### TASK:
As output, give the exact lines from the one containing "HAVE & HAS FOR LITTLE ONES worksheet" through the end of the listing below, both included, without the pictures.

### DATA TO USE:
──────

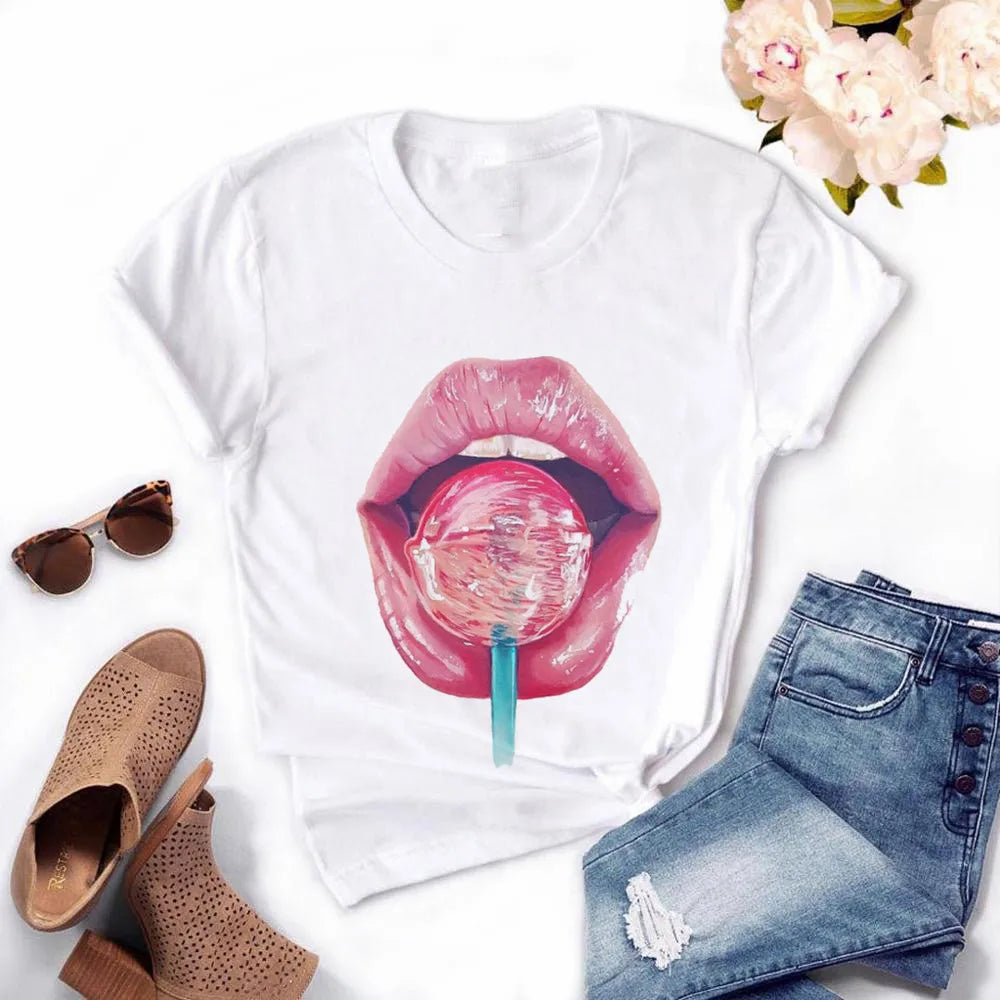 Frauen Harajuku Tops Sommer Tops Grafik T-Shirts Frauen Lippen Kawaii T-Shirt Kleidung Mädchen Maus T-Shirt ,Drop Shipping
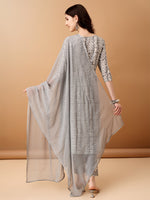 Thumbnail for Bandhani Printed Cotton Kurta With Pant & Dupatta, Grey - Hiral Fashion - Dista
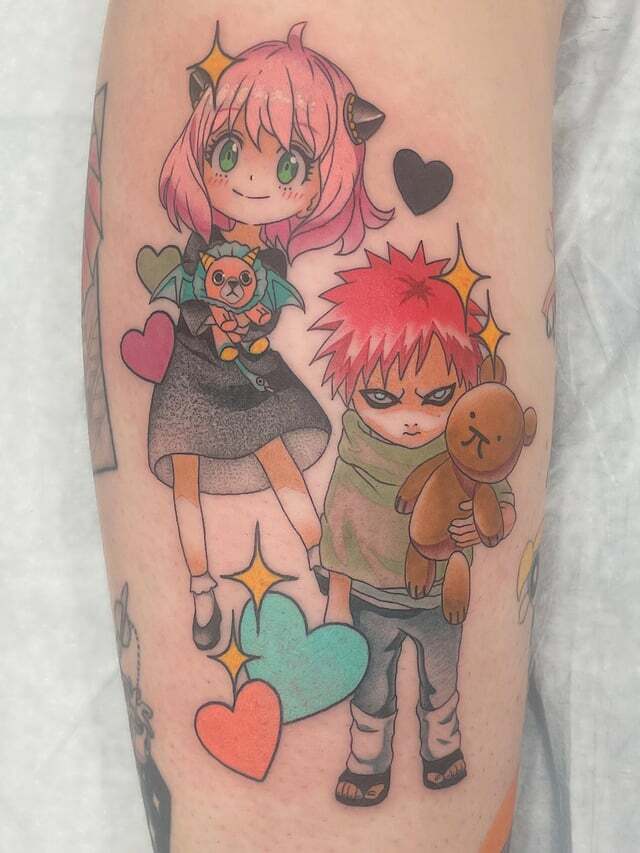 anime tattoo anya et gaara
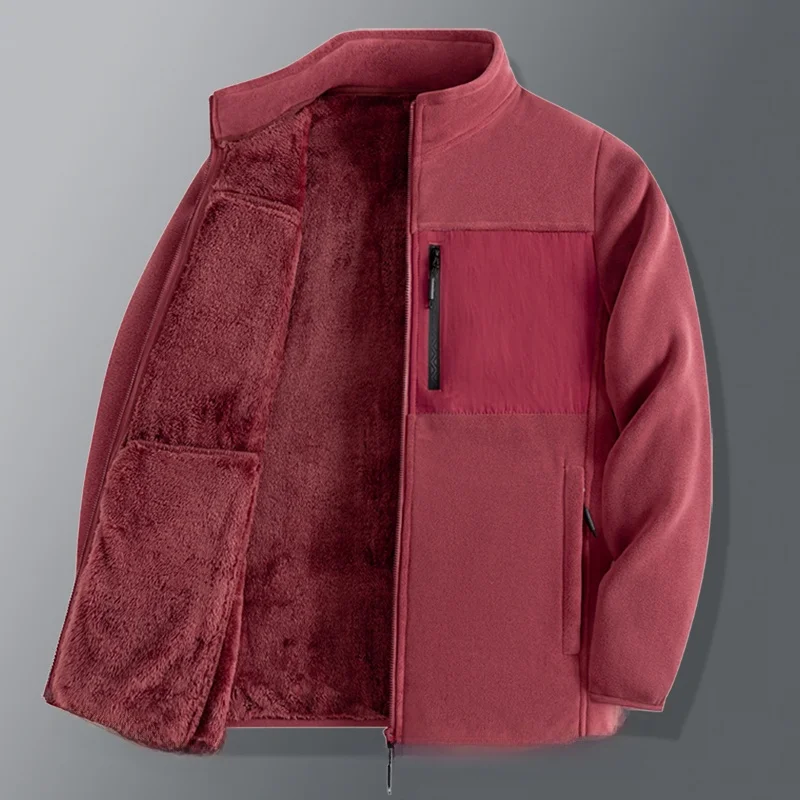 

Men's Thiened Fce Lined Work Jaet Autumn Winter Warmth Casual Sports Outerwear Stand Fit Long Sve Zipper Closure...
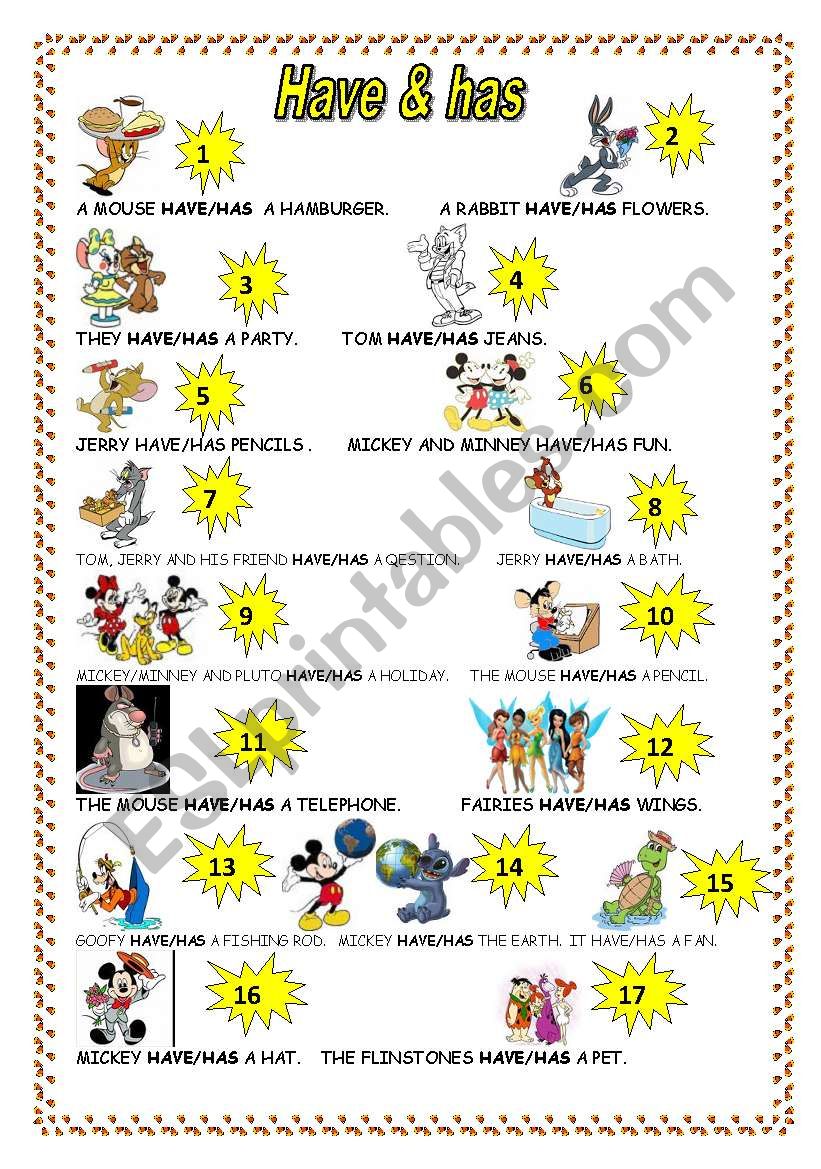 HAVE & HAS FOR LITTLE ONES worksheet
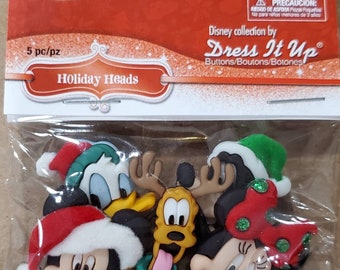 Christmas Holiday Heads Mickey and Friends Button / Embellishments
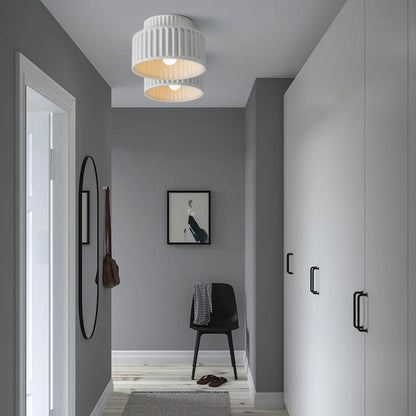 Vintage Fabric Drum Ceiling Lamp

──────

### OUTPUT FOR THIS TASK:
 HAVE & HAS FOR LITTLE ONES worksheet
 Christmas Holiday Heads Mickey and Friends Button / Embellishments
 Vintage Fabric Drum Ceiling Lamp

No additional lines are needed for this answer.